■ **What the task asks**
Output every line below exactly, please, omitting pictures.

--- Given information ---

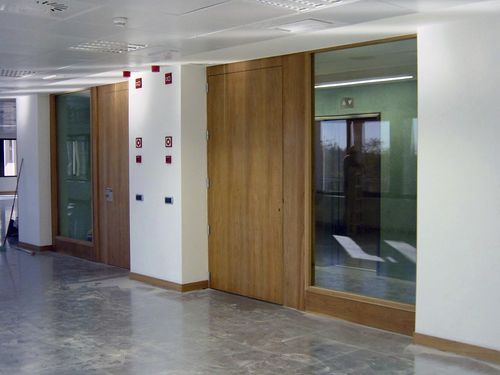 Einflügeltür - EI2-30-60-90-120 series - ALFATECO MADRID S.A. - Glas / Holz / für den Innenbereich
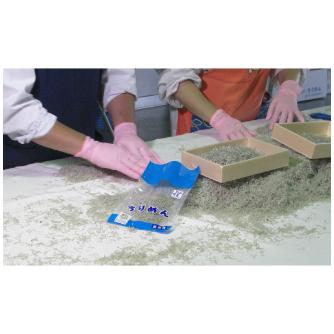 ショーワグローブ（株） ニトリスト・ピンク 100枚入 NO8850 ニトリスト・ピンク　１００枚入　Ｍ NO8850-M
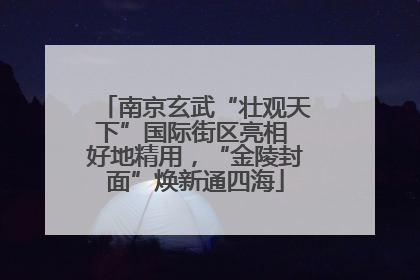 南京玄武“壮观天下”国际街区亮相 好地精用，“金陵封面”焕新通四海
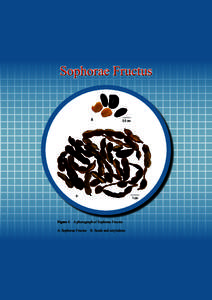 Sophorae Fructus  B 0.5 cm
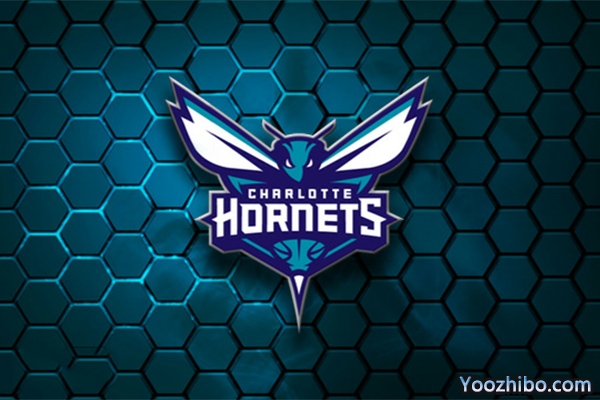 <a href=/basketball/hornets/ target=_blank class=infotextkey>黄蜂</a>队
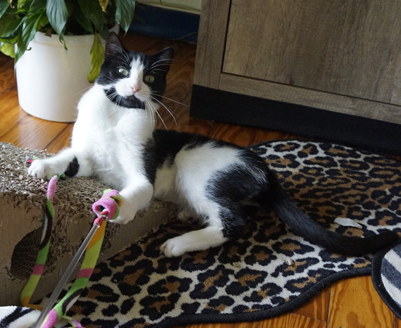 Kater Jamie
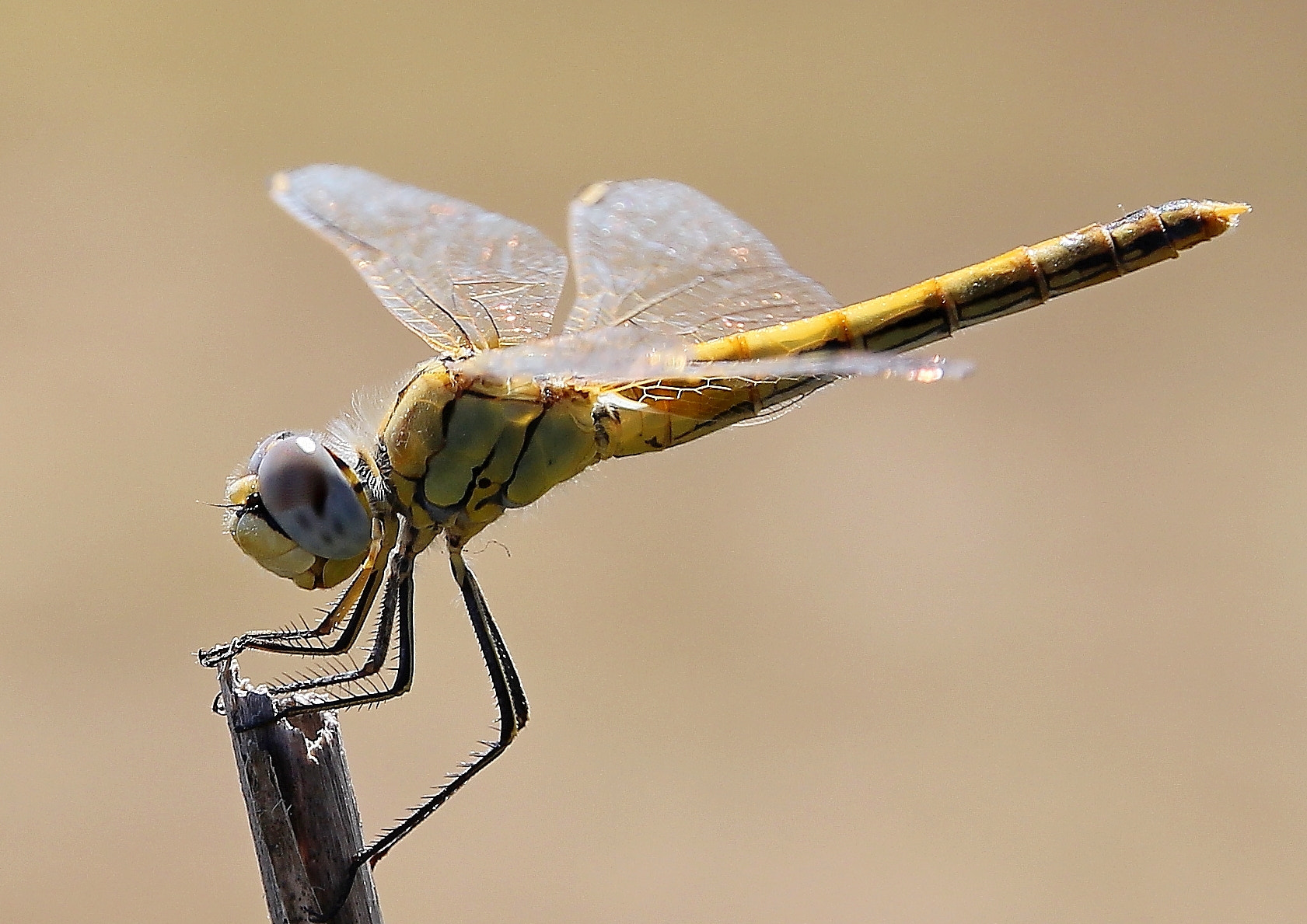 Canon EOS 550D (EOS Rebel T2i / EOS Kiss X4) + Canon 18-270mm sample photo. Dragonfly photography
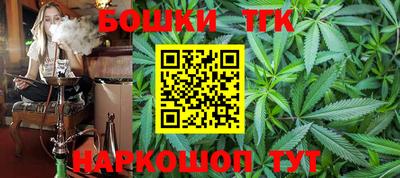 шишки Новодвинск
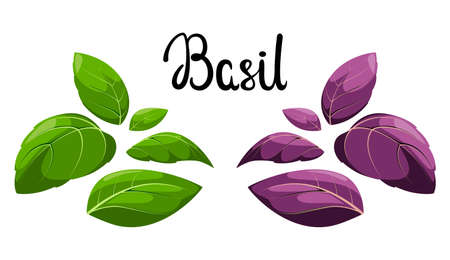 Basil leaves on a white background. cartoon design. Spice.のイラスト素材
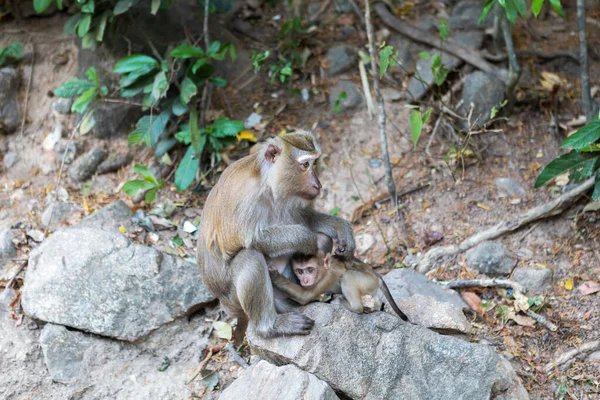 Seekor Monyet Dengan Satu Anak Serigala — Stok Foto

---

■ **Problem solution**
 Einflügeltür - EI2-30-60-90-120 series - ALFATECO MADRID S.A. - Glas / Holz / für den Innenbereich
 ショーワグローブ（株） ニトリスト・ピンク 100枚入 NO8850 ニトリスト・ピンク　１００枚入　Ｍ NO8850-M
 南京玄武“壮观天下”国际街区亮相 好地精用，“金陵封面”焕新通四海
 Sophorae Fructus  B 0.5 cm
 <a href=/basketball/hornets/ target=_blank class=infotextkey>黄蜂</a>队
 Kater Jamie
 Canon EOS 550D (EOS Rebel T2i / EOS Kiss X4) + Canon 18-270mm sample photo. Dragonfly photography
 шишки Новодвинск
 Basil leaves on a white background. cartoon design. Spice.のイラスト素材
 Seekor Monyet Dengan Satu Anak Serigala — Stok Foto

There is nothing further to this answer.